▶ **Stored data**
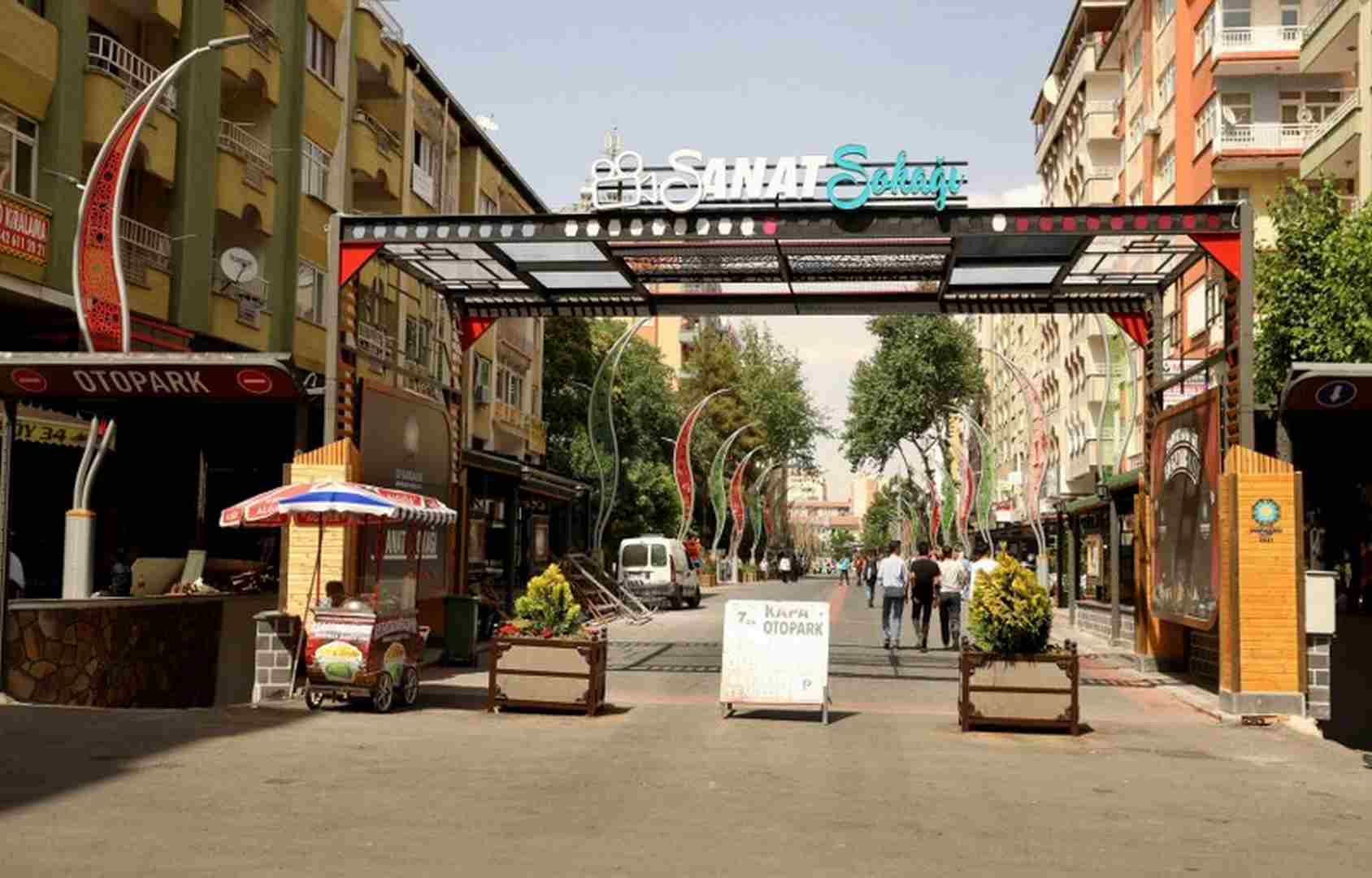 SANAT SOKAĞI ESNAFI: “ESNAF OLARAK BÜYÜKŞEHİR BELEDİYESİ’NE VE SAYIN VALİMİZE ÇOK TEŞEKKÜR EDİYORUZ”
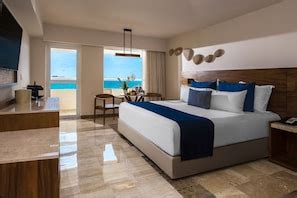 Dreams Sands Cancun Resort & Spa - All Inclusive Reviews, Deals & Photos 2024 - Expedia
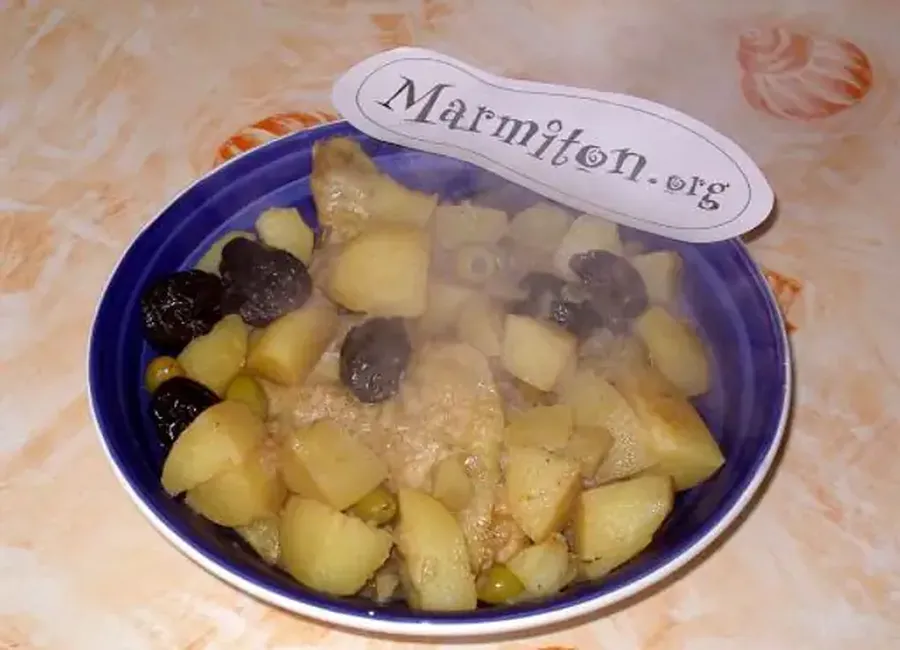 Tajine de poulet aux olives et pommes de terre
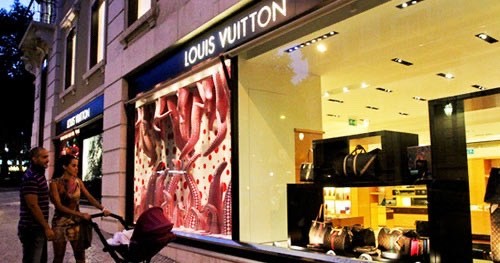 Lugar Louis Vuitton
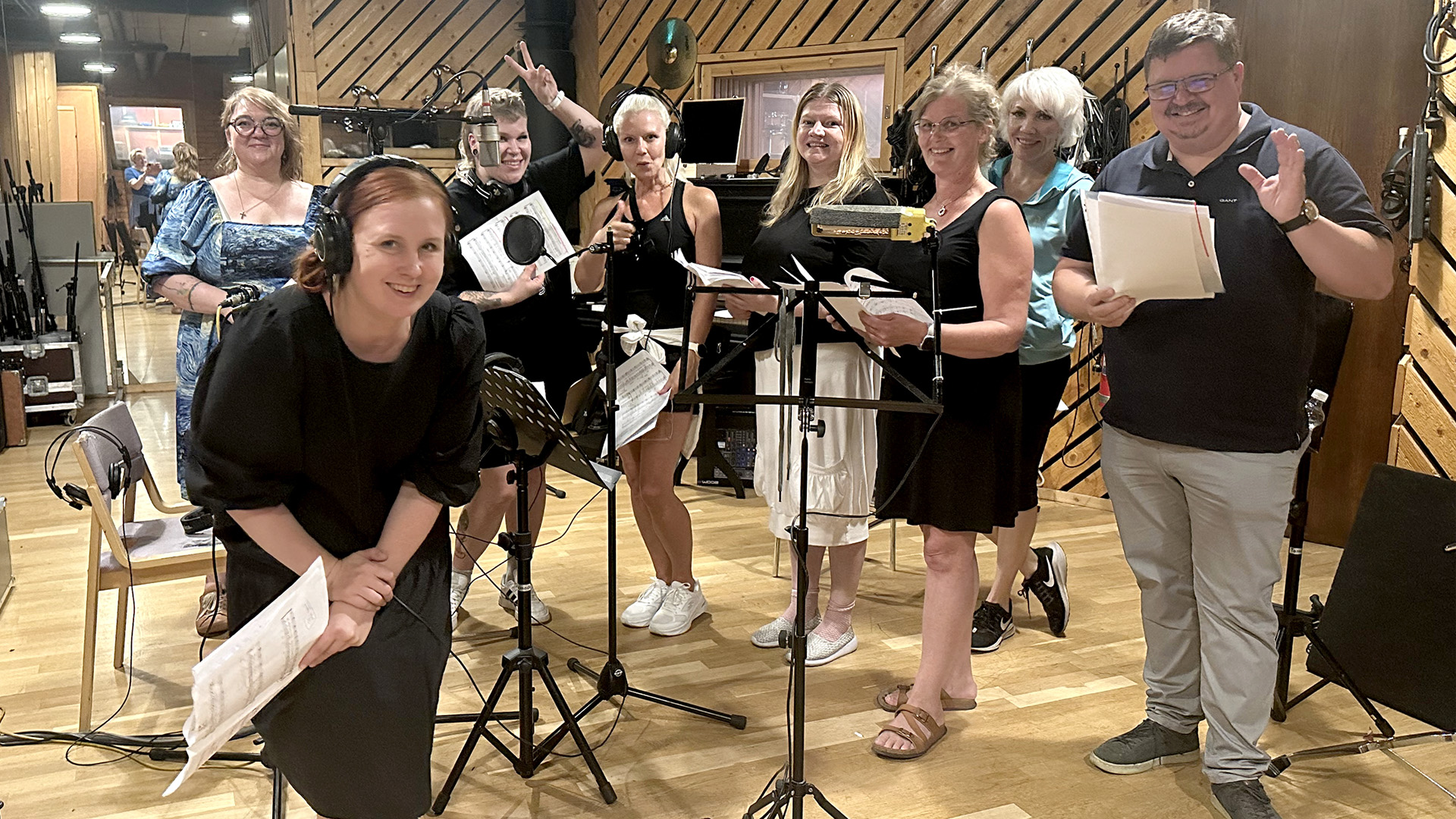 Yhteisömuusikkoja soittamassa ja laulamassa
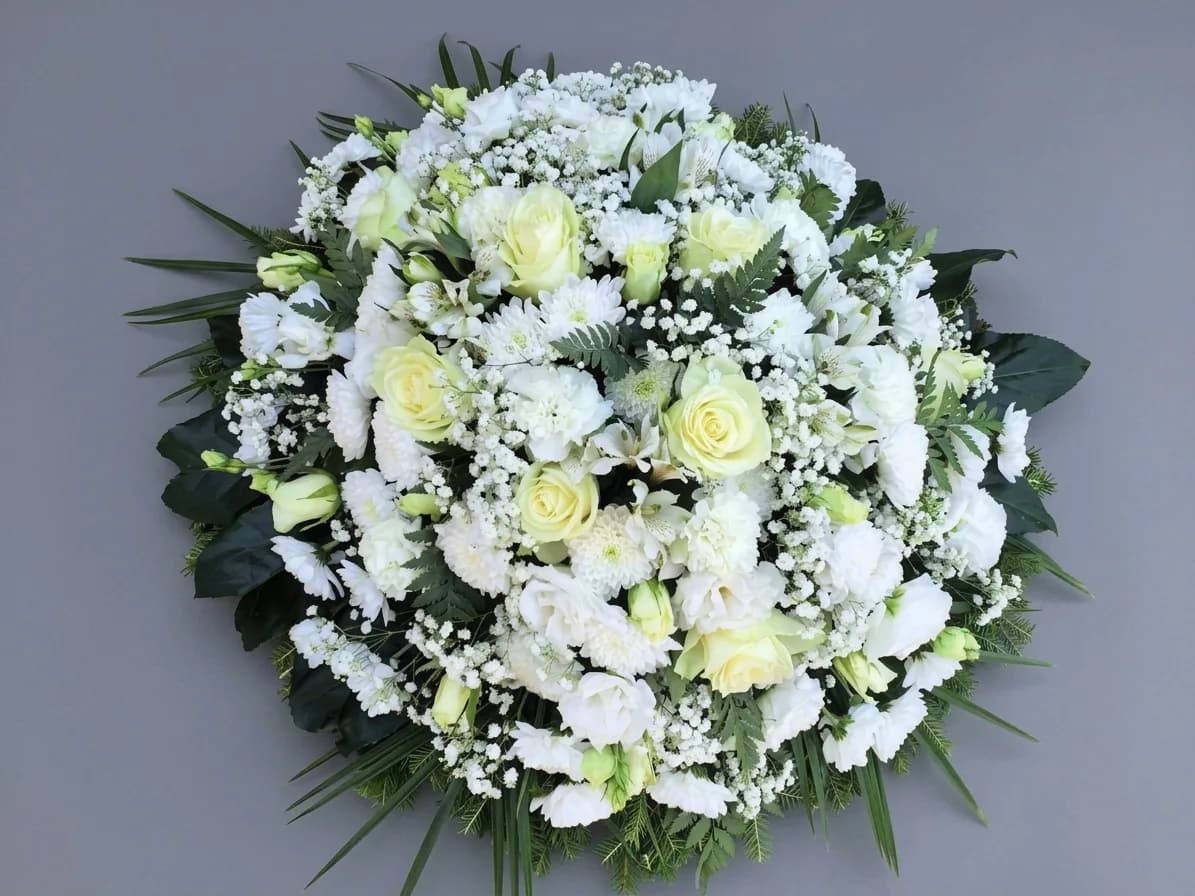 Sēru vainags 01 — Sēru Floristika, LZ Flowers Rēzekne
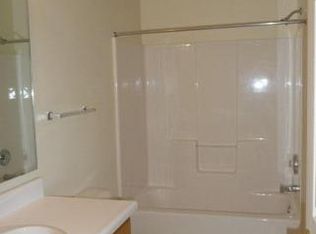 1527 E Gaylord St UNIT D, Mt Pleasant, MI 48858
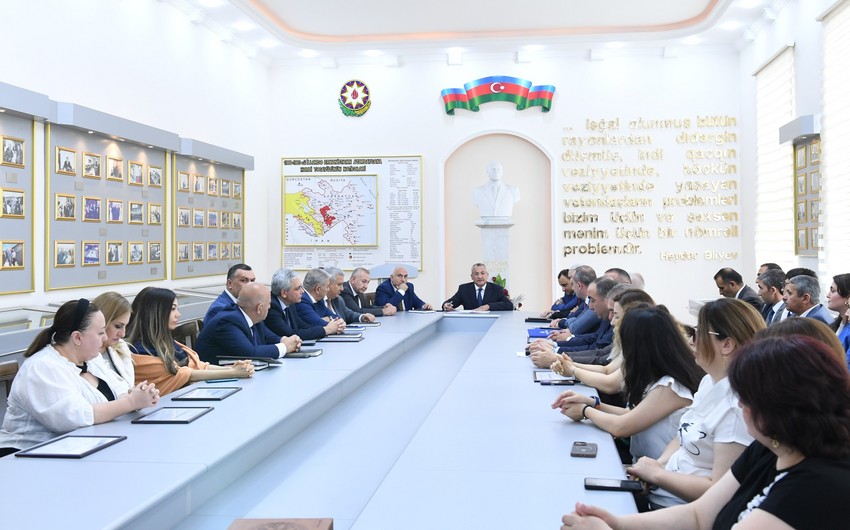 Dovlet qulluqcularinin pese bayrami qeyd olundu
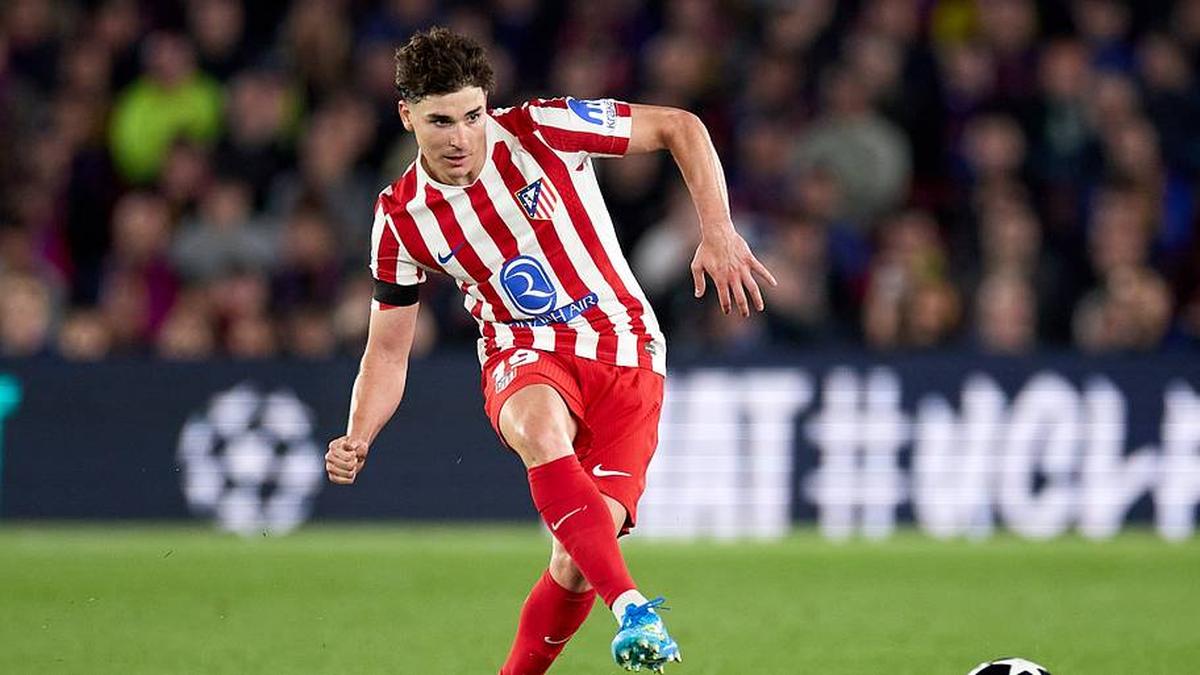  There are very few flaws to Julián Alvarez's game. | Adria Puig/Anadolu/Getty Images 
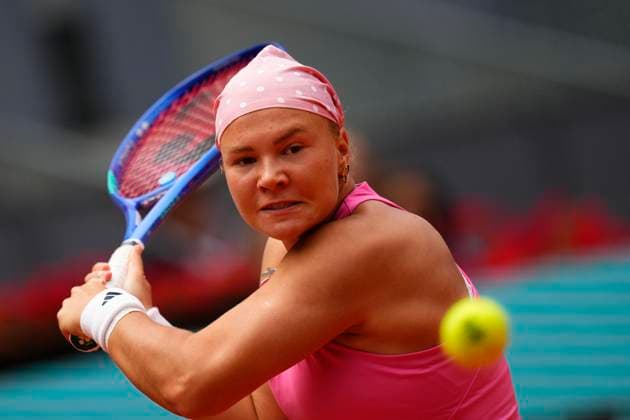 Mutua Madrid Open - Day Eight Diana Shnaider in action during the match between Iga Swiatek of Poland and Diana Shnaider of Russia in the fourth round on Day Eight of the Mutua Madrid Open 2025, ATP, Tennis Herren Masters 1000 and WTA, Tennis Damen 1000, tournament celebrates at La Caja Magica on April 29, 2025 in Madrid, Spain. Madrid Spain  Copyright: xJosexBretonx originalFilename:bretonhernandez-mutuamad250429_np7O1.jpg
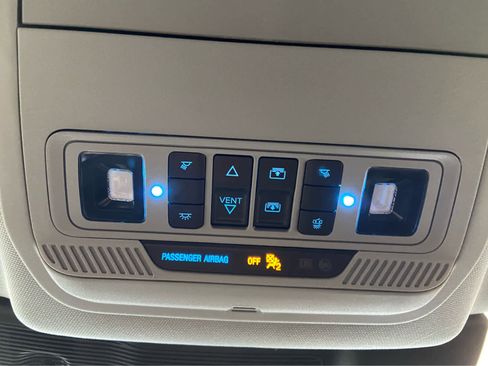 Used 2023 Ford Explorer XLT w/ Equipment Group 202A image 43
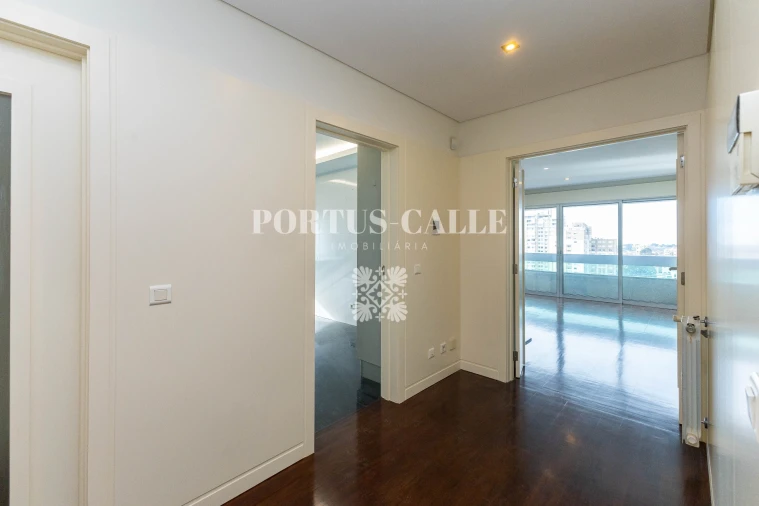 Apartamento T4 para Venda em Ramalde Foto 10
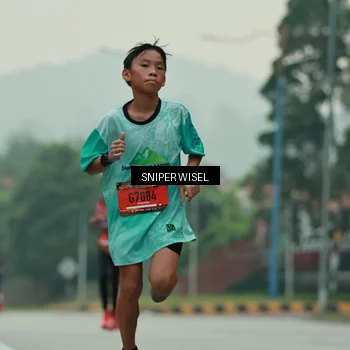 Runner Photo 7043674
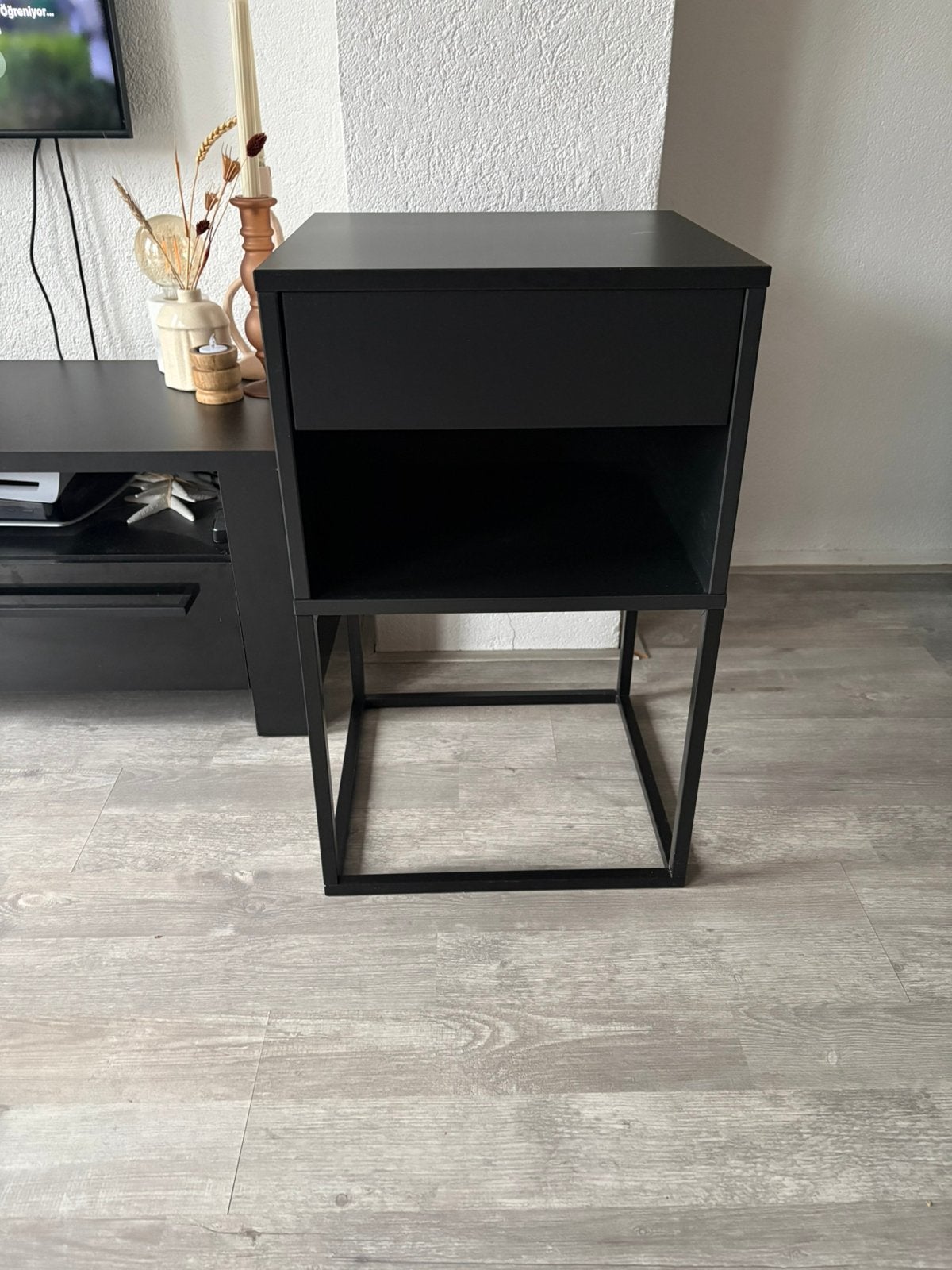1 x Vikhammer nachtkastje zwart Ikea, Ophalen, Zo goed als nieuw, Minder dan 45 cm, 55 tot 70 cm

▶ **Your task**
Copy nothing but the lines from the start of the entries through the line with "Mutua Madrid Open - Day". Write them out exactly, without pictures.

▶ **Result of the task**
 SANAT SOKAĞI ESNAFI: “ESNAF OLARAK BÜYÜKŞEHİR BELEDİYESİ’NE VE SAYIN VALİMİZE ÇOK TEŞEKKÜR EDİYORUZ”
 Dreams Sands Cancun Resort & Spa - All Inclusive Reviews, Deals & Photos 2024 - Expedia
 Tajine de poulet aux olives et pommes de terre
 Lugar Louis Vuitton
 Yhteisömuusikkoja soittamassa ja laulamassa
 Sēru vainags 01 — Sēru Floristika, LZ Flowers Rēzekne
 1527 E Gaylord St UNIT D, Mt Pleasant, MI 48858
 Dovlet qulluqcularinin pese bayrami qeyd olundu
  There are very few flaws to Julián Alvarez's game. | Adria Puig/Anadolu/Getty Images 
 Mutua Madrid Open - Day Eight Diana Shnaider in action during the match between Iga Swiatek of Poland and Diana Shnaider of Russia in the fourth round on Day Eight of the Mutua Madrid Open 2025, ATP, Tennis Herren Masters 1000 and WTA, Tennis Damen 1000, tournament celebrates at La Caja Magica on April 29, 2025 in Madrid, Spain. Madrid Spain  Copyright: xJosexBretonx originalFilename:bretonhernandez-mutuamad250429_np7O1.jpg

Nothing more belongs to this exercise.